The outcome of these discussions will determine whether the EITI remains the relevant international standard in natural resource transparency.
CSO position:
- The EITI standard should represent good practice in extractive sector transparency. Some companies are obstructing the reform of EITI, and use the weak nature of the current EITI standard to argue against effective transparency legislation in their home markets.2 EITI should not be manipulated in this manner, nor should this counter-transparency agenda be the one to determine the future scope of the initiative.
- The revised EITI standard must incorporate current good practice in natural resource transparency. For EITI to leverage gains in natural resource governance, it must compel continued progress in participating countries. Civil society groups in 60 countries have clearly called for an expansion in the EITI scope.3 Specifically, the following disclosures (included as options in EITI Board paper 21-2-A4which will form the basis of the Lusaka discussions) should be required (not encouraged):
- Transfers to subnational governments: Many producing regions or communities receive resource revenue transfers from the central government. These transfers can be overwhelmingly large, volatile, finite, and the subject of political tension. Transparency of statutory transfers will inform citizens in producing regions (often those most affected by extraction) and provide a basis for accountability and dialogue on the use of these funds.
- Revenue reporting by project: With project-level disaggregation, citizens and host communities can assess whether their governments collect a fair return, track their entitlements and examine how that money is used. Project reporting is established good practice: the US Securities and Exchange Commission requires it from US-listed oil, gas and mining companies, and it is included in proposed EU legislation. On 11 October 2012, the UK’s Deputy Prime Minister Nick Clegg committed the UK to pushing for European legislation through the revised Transparency and Accounting Directives that would match section 1504 of the US Dodd-Frank Act, thus voicing UK government support for project-by-project reporting.5 EITI implementing countries Indonesia, Zambia, Mali, Burkina-Faso and Timor-Leste have all incorporated, either explicitly or implicitly, information about individual projects into their EITI reporting.

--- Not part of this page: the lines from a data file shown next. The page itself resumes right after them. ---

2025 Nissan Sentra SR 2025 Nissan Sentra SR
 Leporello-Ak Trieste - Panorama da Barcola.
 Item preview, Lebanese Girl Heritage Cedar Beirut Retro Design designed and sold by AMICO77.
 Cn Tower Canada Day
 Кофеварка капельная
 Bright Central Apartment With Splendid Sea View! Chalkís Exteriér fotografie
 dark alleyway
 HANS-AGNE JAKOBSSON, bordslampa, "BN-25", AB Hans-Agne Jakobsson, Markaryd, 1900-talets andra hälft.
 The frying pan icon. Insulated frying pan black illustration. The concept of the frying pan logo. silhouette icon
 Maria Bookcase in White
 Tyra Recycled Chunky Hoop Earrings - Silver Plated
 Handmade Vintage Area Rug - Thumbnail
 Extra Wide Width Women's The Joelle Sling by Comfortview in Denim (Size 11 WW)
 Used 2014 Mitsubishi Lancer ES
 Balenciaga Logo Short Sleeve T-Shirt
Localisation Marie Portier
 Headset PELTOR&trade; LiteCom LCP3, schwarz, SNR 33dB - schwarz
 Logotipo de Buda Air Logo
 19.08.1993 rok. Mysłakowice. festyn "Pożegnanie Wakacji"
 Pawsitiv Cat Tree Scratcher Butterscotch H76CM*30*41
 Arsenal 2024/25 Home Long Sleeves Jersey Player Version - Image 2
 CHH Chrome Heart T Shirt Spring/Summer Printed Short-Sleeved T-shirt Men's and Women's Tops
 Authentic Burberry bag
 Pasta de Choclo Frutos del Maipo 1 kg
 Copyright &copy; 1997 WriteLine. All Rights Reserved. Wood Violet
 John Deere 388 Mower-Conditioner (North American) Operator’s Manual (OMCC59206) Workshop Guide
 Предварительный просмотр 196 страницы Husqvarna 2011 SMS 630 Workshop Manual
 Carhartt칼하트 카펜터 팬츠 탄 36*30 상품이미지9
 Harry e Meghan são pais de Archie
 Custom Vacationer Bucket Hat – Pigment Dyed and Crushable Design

- Licenses and license holders: Citizens of resource-rich countries are entitled to know whichcompanies have been awarded rights to exploit their natural resources and on what basis. The publication of the registers of licenses and license holders, including beneficial ownership, offers a feasible and relatively low-cost way to discourage corruption and encourage due process. Transparency must also extend to the processes by which licenses are allocated to companies for extractive rights
- Contract disclosure: Citizens and parliaments need access to contracts in order to interpret revenue data, assess the project’s net return, and monitor whether companies are fulfilling their obligations (e.g. social and environmental provisions) over time. Contracts determine the terms by which a company can gain access to a public natural resource. As a public resource, citizens should have the right to see those contacts. Contract transparency is feasible and spreading worldwide,6 and EITI should advance this trend.
- The publication of electronic data. The use of EITI-generated information will increase if countries release a set of standardized revenue data that reflects prevailing global data standards. EITI data should be made available online in an electronic and interactive data format in line with international best practice.